- _WHAT IS REQUIRED_
What you return must match the listing below exactly, minus any pictures.

- _DATA SHOWN_
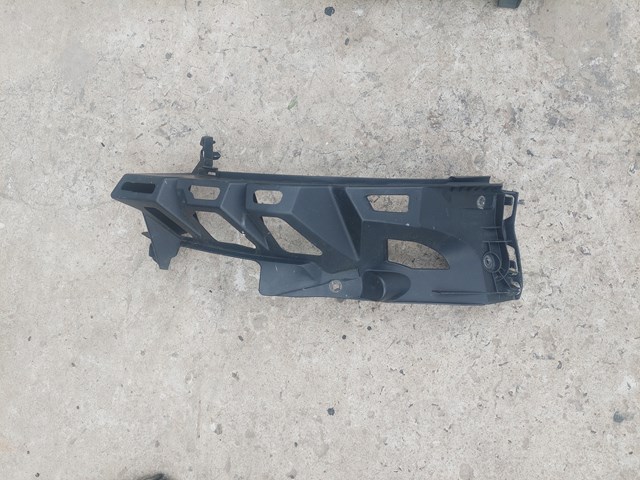 RENAULT 8200074441 Кронштейн бампера заднего правый в наличии Украина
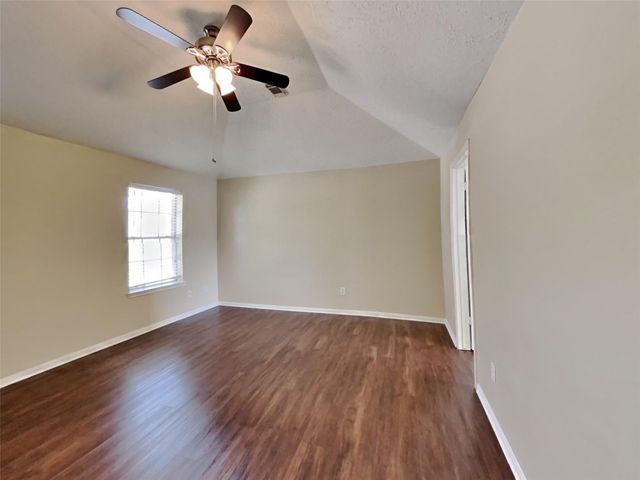 2908 Cambridge Circus, Pearland, TX 77581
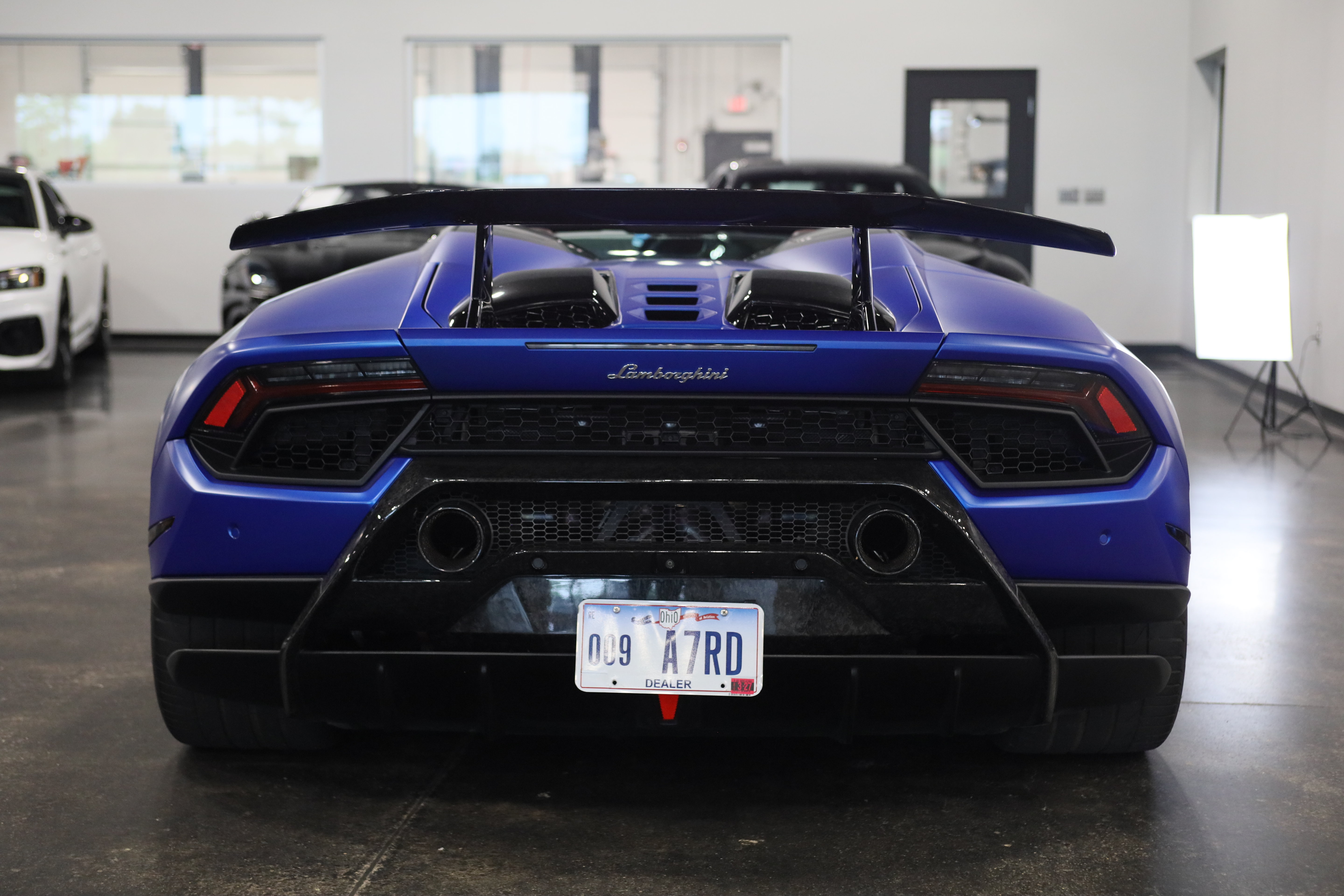 Used 2019 Lamborghini Huracan Performante AWD/4WD image 5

- _TASK OUTPUT_
 RENAULT 8200074441 Кронштейн бампера заднего правый в наличии Украина
 2908 Cambridge Circus, Pearland, TX 77581
 Used 2019 Lamborghini Huracan Performante AWD/4WD image 5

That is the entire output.